Enabling MCP in Warp
Warp now supports configuring any MCP server directly from the terminal.
To set it up:
Open Settings → AI → MCP Servers in Warp.
Click Add Server, and choose from a list of available MCP configurations.
Once added, Warp automatically connects and authorizes the agent to use those tools.
In this demo, two MCP servers were enabled:
SQLite Server – for running local database queries
Stripe Server – for retrieving and analyzing payment data
Querying Stripe
Once configured, you can issue conversational prompts to the terminal — no manual API calls required.
Example — Querying Stripe
How many customers do I have in Stripe?
Warp connects to the Stripe MCP server, confirms the action, and returns:
“You have 3 customers.”
You can continue naturally:
List the payments made by the first customer.
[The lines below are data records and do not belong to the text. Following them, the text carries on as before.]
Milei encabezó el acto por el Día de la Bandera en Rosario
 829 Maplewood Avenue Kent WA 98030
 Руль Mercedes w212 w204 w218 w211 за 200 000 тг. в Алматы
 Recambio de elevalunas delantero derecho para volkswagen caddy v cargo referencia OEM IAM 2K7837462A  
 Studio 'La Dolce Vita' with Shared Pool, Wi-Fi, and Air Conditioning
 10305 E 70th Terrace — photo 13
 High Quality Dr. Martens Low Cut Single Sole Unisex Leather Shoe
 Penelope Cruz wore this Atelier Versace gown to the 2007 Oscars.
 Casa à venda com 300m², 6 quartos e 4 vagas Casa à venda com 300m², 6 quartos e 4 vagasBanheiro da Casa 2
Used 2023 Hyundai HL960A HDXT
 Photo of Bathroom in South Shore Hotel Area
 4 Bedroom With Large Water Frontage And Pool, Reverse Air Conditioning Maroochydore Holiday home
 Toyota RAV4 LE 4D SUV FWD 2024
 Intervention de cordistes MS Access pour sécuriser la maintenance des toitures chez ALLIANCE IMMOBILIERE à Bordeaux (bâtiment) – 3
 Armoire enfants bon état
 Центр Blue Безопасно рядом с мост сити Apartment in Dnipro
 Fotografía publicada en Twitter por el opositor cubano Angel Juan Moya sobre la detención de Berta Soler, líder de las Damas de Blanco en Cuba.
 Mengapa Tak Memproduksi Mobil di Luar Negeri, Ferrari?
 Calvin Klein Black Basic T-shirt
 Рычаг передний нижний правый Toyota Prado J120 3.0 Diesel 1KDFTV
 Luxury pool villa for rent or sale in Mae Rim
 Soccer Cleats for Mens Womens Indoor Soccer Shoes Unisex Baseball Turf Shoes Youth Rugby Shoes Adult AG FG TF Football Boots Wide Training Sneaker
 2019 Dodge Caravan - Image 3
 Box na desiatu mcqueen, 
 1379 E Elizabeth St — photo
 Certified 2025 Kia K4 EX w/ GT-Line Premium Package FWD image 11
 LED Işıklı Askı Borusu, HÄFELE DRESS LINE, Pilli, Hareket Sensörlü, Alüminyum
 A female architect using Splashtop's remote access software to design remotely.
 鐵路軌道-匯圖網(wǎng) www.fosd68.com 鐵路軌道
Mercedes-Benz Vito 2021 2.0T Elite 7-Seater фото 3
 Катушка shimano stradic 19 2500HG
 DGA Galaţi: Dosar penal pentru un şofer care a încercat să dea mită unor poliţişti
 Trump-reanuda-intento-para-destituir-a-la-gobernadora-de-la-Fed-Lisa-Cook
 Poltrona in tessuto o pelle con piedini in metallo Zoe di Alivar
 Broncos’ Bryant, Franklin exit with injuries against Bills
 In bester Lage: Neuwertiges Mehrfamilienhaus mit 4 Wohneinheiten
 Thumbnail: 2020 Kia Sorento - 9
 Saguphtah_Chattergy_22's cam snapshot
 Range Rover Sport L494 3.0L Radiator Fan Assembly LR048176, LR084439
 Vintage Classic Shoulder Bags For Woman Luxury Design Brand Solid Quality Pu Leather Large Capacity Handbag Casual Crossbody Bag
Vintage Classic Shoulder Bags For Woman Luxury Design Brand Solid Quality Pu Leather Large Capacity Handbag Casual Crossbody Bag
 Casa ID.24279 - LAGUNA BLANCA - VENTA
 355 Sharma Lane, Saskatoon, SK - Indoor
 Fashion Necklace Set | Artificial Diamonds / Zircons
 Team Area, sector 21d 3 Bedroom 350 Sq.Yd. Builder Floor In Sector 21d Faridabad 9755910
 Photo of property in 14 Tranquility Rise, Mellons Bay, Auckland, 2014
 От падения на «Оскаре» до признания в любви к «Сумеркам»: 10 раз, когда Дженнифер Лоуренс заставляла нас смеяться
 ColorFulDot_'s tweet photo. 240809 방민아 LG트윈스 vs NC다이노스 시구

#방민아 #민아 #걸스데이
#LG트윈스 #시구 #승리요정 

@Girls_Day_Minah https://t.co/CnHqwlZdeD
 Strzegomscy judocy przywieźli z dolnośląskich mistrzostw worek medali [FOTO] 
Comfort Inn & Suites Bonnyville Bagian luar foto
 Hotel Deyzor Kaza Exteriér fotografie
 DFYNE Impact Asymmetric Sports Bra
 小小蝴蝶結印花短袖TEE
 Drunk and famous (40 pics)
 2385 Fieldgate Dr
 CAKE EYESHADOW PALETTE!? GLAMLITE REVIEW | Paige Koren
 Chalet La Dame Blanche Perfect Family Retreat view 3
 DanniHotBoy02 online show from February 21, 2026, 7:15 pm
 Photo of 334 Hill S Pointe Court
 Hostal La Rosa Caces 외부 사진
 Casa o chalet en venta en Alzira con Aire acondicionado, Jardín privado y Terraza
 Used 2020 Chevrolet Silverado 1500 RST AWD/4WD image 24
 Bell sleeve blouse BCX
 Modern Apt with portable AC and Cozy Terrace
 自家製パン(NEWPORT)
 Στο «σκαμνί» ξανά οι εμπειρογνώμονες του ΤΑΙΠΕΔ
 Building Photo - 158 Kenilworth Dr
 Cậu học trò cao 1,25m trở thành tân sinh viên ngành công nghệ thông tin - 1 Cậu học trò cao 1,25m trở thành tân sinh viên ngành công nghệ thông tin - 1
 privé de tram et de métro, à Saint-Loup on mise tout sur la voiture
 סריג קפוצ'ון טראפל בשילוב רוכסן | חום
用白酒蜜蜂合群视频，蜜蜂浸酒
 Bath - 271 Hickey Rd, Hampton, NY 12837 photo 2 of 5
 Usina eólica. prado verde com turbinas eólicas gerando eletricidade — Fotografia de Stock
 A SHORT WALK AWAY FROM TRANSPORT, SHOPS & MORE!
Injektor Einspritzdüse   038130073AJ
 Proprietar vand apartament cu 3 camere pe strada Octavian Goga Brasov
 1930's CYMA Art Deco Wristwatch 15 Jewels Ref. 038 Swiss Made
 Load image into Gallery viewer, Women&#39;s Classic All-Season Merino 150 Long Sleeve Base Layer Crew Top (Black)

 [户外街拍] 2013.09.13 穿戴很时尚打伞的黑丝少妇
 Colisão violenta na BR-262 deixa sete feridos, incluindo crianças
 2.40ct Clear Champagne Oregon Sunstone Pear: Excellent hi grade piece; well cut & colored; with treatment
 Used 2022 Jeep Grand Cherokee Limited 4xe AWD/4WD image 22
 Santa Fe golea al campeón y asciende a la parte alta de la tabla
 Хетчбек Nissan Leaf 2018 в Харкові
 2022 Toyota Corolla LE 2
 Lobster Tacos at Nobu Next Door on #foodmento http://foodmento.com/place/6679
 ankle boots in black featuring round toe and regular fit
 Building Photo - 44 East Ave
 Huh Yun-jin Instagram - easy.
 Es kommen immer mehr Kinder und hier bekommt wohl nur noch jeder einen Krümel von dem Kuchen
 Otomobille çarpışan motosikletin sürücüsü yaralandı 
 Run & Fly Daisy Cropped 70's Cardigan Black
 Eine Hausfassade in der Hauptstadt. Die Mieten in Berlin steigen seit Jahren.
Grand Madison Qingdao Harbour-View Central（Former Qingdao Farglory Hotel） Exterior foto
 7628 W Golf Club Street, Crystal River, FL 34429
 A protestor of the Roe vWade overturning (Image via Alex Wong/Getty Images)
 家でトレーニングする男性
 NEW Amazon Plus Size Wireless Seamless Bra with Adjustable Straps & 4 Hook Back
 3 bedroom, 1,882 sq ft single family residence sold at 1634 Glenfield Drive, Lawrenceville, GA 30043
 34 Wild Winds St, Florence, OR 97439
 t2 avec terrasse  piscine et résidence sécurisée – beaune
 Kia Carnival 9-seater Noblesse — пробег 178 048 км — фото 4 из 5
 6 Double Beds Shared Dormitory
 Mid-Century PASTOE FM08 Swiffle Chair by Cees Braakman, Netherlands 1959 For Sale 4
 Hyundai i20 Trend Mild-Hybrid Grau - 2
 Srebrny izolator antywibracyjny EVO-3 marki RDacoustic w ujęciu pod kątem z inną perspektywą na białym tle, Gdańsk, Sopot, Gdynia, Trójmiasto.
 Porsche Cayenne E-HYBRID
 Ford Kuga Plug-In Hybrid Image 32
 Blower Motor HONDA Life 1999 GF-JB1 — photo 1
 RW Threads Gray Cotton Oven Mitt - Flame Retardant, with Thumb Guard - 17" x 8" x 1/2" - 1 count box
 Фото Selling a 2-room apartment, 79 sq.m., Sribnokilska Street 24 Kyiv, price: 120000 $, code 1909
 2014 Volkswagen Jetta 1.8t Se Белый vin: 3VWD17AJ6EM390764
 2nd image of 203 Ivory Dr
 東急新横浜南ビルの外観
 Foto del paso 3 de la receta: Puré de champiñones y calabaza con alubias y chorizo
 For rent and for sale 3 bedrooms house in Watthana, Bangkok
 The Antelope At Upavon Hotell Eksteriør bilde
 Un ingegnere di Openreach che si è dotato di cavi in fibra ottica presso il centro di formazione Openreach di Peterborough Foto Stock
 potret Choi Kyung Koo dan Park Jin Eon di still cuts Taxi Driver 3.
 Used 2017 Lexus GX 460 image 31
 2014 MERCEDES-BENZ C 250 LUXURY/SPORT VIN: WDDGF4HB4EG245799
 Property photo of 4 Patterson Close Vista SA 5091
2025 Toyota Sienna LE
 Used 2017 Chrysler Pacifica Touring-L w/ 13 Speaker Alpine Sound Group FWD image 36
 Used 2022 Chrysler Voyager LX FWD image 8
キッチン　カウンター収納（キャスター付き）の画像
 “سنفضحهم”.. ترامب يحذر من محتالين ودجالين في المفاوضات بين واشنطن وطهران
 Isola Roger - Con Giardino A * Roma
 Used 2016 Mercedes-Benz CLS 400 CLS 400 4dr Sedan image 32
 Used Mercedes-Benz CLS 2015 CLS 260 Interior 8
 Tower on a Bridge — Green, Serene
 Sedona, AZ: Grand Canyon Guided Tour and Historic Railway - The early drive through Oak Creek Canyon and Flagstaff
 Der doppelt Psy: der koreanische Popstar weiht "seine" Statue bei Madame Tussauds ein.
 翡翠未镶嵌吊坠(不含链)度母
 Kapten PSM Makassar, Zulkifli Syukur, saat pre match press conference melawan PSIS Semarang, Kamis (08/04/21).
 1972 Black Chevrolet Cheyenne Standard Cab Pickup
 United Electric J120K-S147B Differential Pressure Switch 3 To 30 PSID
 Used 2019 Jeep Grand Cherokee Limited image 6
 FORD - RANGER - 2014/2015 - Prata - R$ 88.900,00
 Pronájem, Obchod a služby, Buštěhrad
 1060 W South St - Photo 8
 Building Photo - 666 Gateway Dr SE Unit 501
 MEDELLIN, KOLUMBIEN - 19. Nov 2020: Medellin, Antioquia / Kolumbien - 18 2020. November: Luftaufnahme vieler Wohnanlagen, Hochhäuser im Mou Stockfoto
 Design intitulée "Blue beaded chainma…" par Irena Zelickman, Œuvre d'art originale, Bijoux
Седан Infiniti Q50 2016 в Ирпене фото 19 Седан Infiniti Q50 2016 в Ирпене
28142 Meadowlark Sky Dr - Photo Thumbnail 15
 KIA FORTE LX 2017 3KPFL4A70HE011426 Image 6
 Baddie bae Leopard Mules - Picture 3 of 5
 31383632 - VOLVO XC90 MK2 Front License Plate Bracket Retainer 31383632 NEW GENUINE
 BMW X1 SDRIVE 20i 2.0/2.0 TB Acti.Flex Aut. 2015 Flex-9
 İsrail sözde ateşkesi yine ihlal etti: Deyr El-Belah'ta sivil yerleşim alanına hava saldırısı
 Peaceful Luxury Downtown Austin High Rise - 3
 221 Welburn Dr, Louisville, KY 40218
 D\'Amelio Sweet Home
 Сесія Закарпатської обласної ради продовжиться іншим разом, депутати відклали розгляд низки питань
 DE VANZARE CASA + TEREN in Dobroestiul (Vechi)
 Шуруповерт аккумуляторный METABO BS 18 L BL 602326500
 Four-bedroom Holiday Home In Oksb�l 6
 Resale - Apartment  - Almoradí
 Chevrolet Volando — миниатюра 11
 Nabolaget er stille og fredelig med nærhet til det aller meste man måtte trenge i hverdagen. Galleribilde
The agent retrieves seven payment intents — one successful, six canceled — all live from your Stripe test account.
Note: MCP’s confirmation prompts can be disabled once you trust a given server or agent.
Querying SQLite
The same workflow applies to databases.
Example — Querying SQLite
What SQL tables do I have access to?
Warp lists all available tables from the local SQLite database.
Break down female penguins by island.
Warp translates this into a structured SQL query and executes it, returning:
“Bisco Island — 51 female penguins; Dream Island — ...”
Follow-up prompts work contextually:
Do the same with male penguins.
Warp runs the updated SQL query and displays results inline.